A frase do personagem do romance O senhor agora vai mudar de corpo (Record), de Raimundo Carrero, é verdadeira, dolorosa e irônica ao mesmo tempo. Ninguém vive em ninguém; ninguém sabe como é sofrer um AVC e tentar se cuidar depois. No entanto, é saborosa porque a própria obra leva o leitor a coabitar o corpo do seu protagonista.

O livro tem início com o processo de recuperação – pensamentos, angústias, esperanças, pesadelos – do AVC que Carrero sofreu em 2010. Autor e personagem, ele conta no romance também a sua vida pregressa, para mostrar, afinal, que corpo é esse que tanto mudou. Sempre em terceira pessoa, a obra se faz como um conjunto de cenas, pensamentos e memórias, todos recheados da substância da ficção.

Carrero é um autor que preza, sempre e com ênfase, pela preocupação com a forma e a linguagem na sua obra. Se os seus livros não são provas o suficiente, vale olhar seus textos sobre a criação literária. Ali, ele busca mostrar que a literatura não é nunca uma ideia ou uma história transmitida diretamente para outras pessoas: surge com as palavras e a partir delas. Uma trama é só um projeto até que se trabalhe em suas estruturas, feitas de cimento, tijolos e outros segredos.

Talvez a ansiedade confessa do autor ao lançar O senhor agora vai mudar de corpo exista porque o livro, mesmo diante de um olhar exaustivamente técnico, é uma das narrativas do escritor pernambucano mais fortes também por seu conteúdo. Carrero está aqui em um território novo, levando para o papel (e transfigurando) sua experiência. Mais do que expor sua vida, o autor tinha outro temor: o que de a narrativa fosse uma prosa simples, um relatório, uma confissão puramente emotiva.

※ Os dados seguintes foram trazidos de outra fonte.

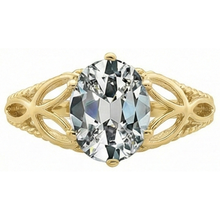 Afbeelding in Gallery-weergave laden, Solitaire Ring Ovaal Oud Geslepen Natuurlijke uit de aarde gewonnen Diamant Trinity Knoop Touw Stijl 3 Karaat
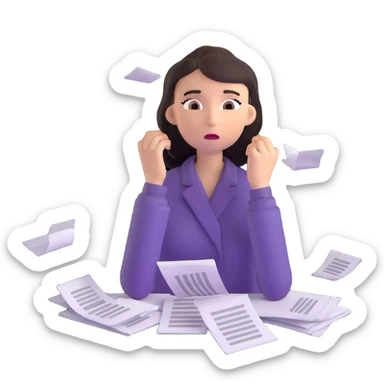tired woman with flying papers around her sticker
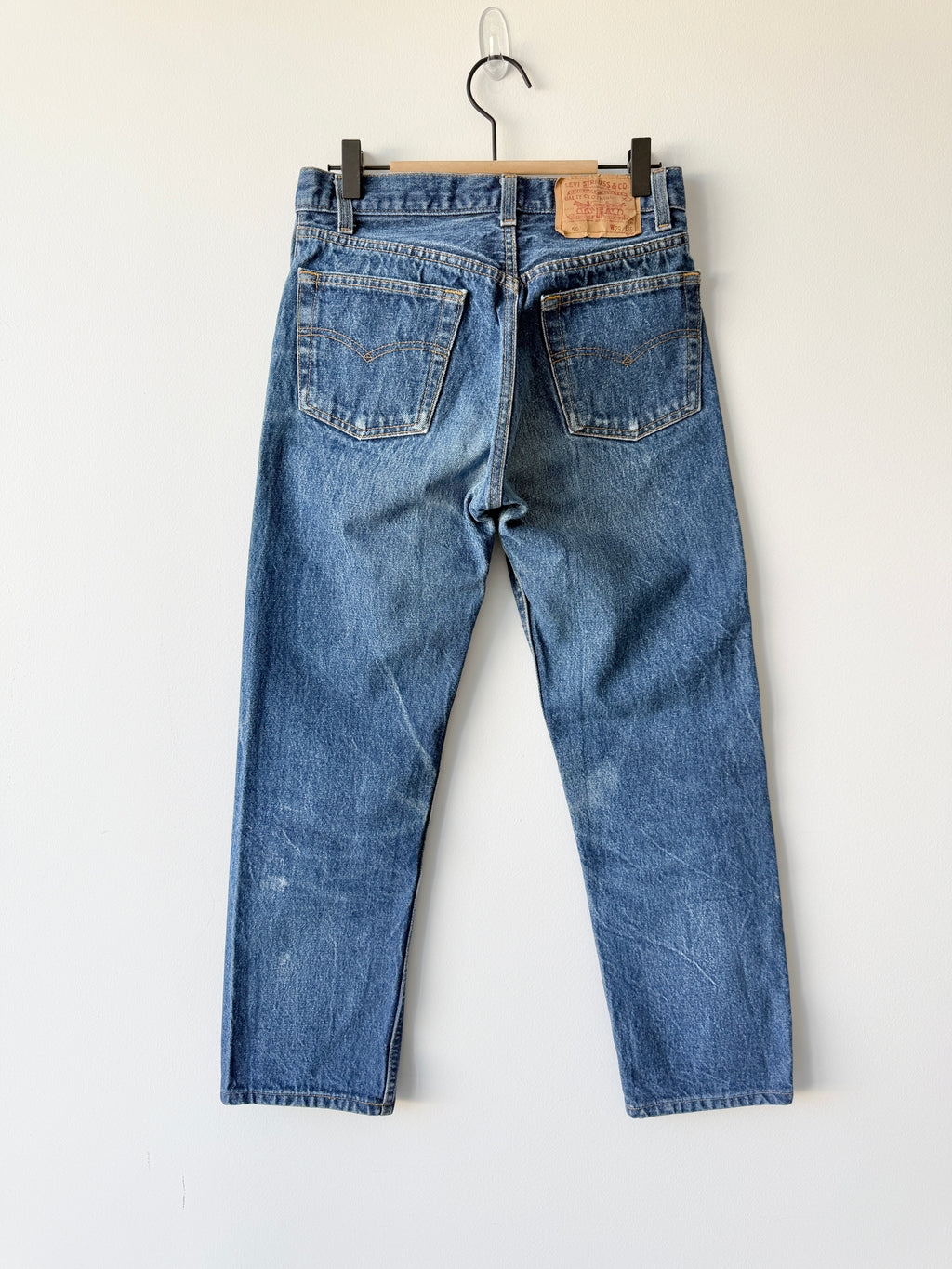 W26 L27 vintage Levis 501 25/26” measured raw blue 80s USA 501s slim hips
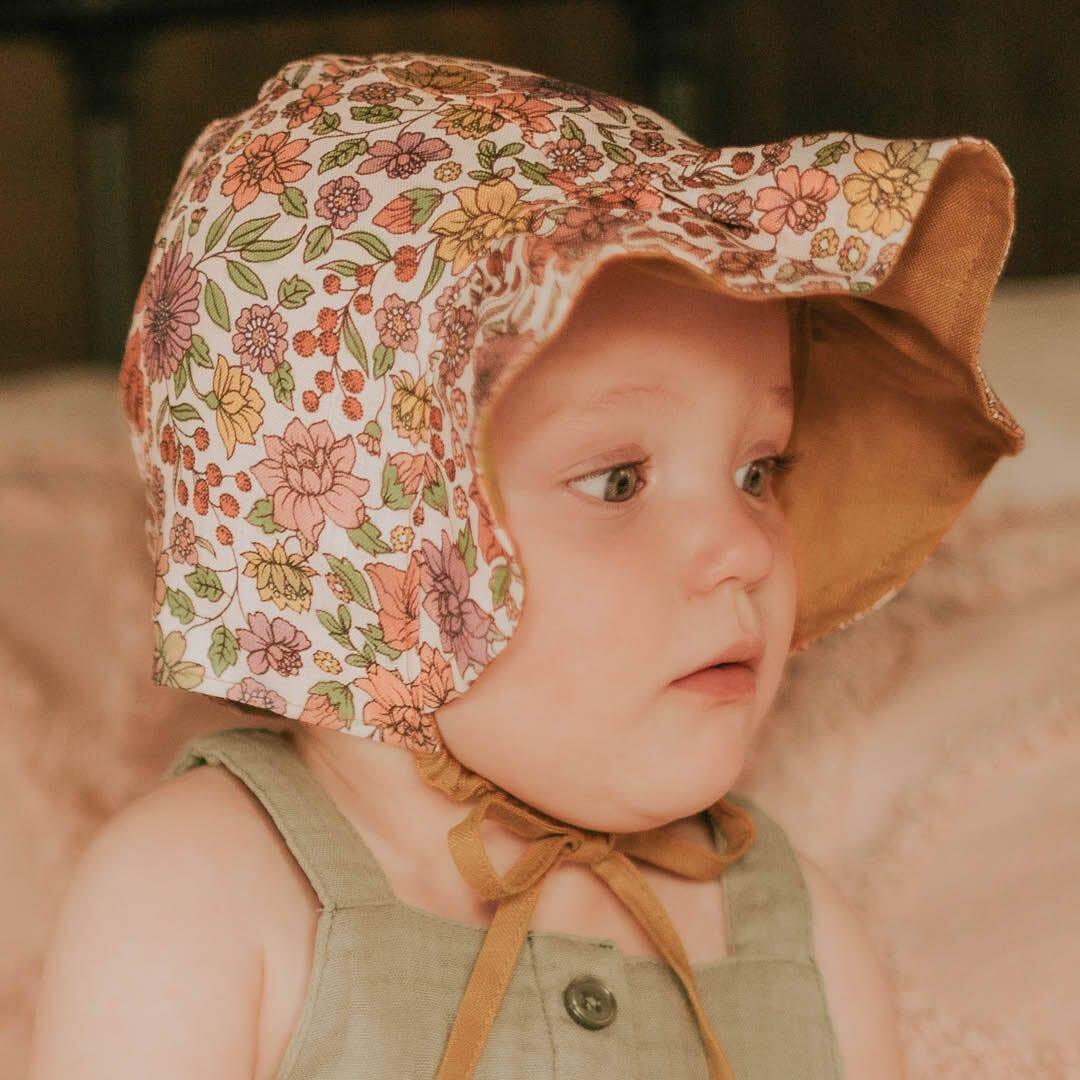 Bedhead Heritage Reversible Ruffle Bonnet Hat-Matilda/Maize M-1910112122742902790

“O que não gosta deste mundo é da proclamação da dor, como se faz em todos os lugares e por qualquer motivo”, afirma a obra. O senhor agora vai mudar de corpo, não por acaso, passa longe dessa impressão. O volume não é uma proclamação da dor, é uma proclamação de como a vida e a morte habitam os mesmos espaços, são perigos e milagres. Carrero, personagem-autor, não se vangloria de ter sobrevivido ou de ter sofrido. Ele cria na força de sua experiência pré e pós-AVC uma ficção que não deixa de estar cheia de recursos, imagens e metáforas.

Quem acompanhou de alguma forma a vida do autor, verá que está ali um acerto de contas duplo: com sua própria vida e com a literatura. Não é um diário, mas um mergulho no próprio corpo e na própria alma, entre elucubrações e delírios com um velho, um anão, um homem alto e magro, um homem gordo e uma mulher grávida, por exemplo. São imagens sóbrias e decisivas.

Assim, a prosa de Carrero diz e esconde ao mesmo tempo. É uma tática eficaz, que faz o leitor se questionar ao longo da narrativa sobre o que é metáfora e o que é realidade. Houve mesmo uma moça com o peito cortado que visitou o personagem quando ele era músico? O livro é forte justamente porque não depende dessas respostas para mostrar como corpo e vida são assuntos sempre relacionados. É por isso que o físico na narrativa dialoga com política, fezes, sombras, Cristo e arte. No fim, mudar de corpo é a chance de avaliar a própria passagem pela existência, transformar-se em outro através de um mergulho em si mesmo.